What to work on => When you reach the line containing "Connects2 2-DIN KIT" in the entries below, begin reproducing lines exactly, and stop once the line containing "Foute Kerst Trui Zwart Man Team Gourmet" is done.

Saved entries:
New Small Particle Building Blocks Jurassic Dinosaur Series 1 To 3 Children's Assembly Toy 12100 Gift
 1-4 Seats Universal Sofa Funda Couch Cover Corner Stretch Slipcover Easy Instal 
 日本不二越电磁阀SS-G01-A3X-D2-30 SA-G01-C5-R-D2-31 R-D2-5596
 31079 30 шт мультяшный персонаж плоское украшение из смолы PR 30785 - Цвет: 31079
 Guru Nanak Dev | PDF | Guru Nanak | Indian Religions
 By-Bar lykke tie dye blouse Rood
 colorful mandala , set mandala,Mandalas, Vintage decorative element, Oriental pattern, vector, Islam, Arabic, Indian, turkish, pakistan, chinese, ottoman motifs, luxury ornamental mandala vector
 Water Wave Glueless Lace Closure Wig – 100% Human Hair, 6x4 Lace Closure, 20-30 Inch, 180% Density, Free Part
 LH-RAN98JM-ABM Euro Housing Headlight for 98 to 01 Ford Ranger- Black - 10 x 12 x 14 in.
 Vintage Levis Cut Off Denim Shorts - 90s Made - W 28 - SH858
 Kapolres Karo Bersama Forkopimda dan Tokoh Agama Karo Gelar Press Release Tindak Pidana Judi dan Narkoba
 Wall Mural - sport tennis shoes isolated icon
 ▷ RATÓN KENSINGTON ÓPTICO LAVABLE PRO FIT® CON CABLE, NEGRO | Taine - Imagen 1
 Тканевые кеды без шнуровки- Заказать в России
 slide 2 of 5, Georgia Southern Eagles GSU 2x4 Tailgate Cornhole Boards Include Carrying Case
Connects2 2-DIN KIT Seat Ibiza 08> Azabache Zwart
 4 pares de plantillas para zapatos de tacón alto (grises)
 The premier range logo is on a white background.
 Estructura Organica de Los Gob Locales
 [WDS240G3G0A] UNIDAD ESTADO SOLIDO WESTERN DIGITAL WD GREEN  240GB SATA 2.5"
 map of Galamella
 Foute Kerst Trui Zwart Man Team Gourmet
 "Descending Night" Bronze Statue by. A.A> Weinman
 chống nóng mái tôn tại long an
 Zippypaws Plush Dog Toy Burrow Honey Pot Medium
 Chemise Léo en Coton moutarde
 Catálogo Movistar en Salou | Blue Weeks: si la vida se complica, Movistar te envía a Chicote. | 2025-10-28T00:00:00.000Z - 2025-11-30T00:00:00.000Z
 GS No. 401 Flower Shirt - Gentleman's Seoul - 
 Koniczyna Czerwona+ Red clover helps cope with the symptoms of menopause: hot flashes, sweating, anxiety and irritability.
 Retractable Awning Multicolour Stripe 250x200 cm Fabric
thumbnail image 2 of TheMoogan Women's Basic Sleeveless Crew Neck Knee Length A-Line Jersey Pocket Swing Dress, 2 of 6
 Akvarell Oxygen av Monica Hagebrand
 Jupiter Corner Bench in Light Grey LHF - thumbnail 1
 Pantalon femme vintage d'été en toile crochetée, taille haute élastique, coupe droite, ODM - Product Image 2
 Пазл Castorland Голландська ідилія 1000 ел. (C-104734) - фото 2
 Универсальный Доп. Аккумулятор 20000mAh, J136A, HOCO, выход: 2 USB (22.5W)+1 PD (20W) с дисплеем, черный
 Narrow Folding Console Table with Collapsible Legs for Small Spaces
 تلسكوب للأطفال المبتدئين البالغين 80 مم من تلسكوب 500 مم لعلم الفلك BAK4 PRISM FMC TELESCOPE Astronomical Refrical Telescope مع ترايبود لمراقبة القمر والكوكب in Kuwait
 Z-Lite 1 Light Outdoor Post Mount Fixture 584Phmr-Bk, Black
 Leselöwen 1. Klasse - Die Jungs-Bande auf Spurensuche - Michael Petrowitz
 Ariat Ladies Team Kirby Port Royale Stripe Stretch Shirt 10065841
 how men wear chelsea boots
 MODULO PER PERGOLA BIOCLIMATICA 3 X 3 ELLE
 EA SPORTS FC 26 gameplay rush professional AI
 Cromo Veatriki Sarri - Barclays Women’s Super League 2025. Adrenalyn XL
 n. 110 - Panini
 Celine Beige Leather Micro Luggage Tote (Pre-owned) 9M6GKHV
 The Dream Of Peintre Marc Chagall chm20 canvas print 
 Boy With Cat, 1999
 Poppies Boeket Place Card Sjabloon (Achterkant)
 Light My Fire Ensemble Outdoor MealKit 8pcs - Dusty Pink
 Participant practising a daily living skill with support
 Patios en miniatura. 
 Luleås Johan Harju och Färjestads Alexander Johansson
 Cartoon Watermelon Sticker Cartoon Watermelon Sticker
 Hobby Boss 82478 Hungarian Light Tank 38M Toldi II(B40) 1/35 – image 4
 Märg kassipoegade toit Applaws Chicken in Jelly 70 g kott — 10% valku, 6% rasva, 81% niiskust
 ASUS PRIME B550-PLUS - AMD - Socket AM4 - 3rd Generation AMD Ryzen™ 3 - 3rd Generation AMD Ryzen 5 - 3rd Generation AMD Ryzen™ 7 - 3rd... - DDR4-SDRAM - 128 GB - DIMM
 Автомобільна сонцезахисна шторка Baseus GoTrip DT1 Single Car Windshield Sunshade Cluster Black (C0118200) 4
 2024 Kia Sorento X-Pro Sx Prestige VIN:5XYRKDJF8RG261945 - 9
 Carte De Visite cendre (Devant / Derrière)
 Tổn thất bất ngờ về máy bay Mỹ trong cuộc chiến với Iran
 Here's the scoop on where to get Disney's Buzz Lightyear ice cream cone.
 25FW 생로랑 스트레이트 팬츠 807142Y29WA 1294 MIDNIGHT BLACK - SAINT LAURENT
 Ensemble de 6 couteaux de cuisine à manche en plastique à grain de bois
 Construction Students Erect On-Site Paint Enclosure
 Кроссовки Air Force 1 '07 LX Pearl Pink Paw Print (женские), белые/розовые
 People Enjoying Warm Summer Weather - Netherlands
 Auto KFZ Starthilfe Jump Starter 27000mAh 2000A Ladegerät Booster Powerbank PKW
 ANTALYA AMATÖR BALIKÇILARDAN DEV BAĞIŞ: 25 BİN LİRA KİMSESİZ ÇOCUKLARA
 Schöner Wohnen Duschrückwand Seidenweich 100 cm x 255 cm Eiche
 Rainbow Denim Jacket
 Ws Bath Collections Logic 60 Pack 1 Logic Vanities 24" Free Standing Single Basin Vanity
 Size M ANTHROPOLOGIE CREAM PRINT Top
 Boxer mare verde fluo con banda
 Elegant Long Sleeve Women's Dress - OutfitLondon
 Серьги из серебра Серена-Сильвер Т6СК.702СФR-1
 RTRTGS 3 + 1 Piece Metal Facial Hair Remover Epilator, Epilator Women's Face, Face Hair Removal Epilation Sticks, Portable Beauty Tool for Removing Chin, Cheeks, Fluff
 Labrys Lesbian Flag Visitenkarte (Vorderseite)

Result below =>
Connects2 2-DIN KIT Seat Ibiza 08> Azabache Zwart
 4 pares de plantillas para zapatos de tacón alto (grises)
 The premier range logo is on a white background.
 Estructura Organica de Los Gob Locales
 [WDS240G3G0A] UNIDAD ESTADO SOLIDO WESTERN DIGITAL WD GREEN  240GB SATA 2.5"
 map of Galamella
 Foute Kerst Trui Zwart Man Team Gourmet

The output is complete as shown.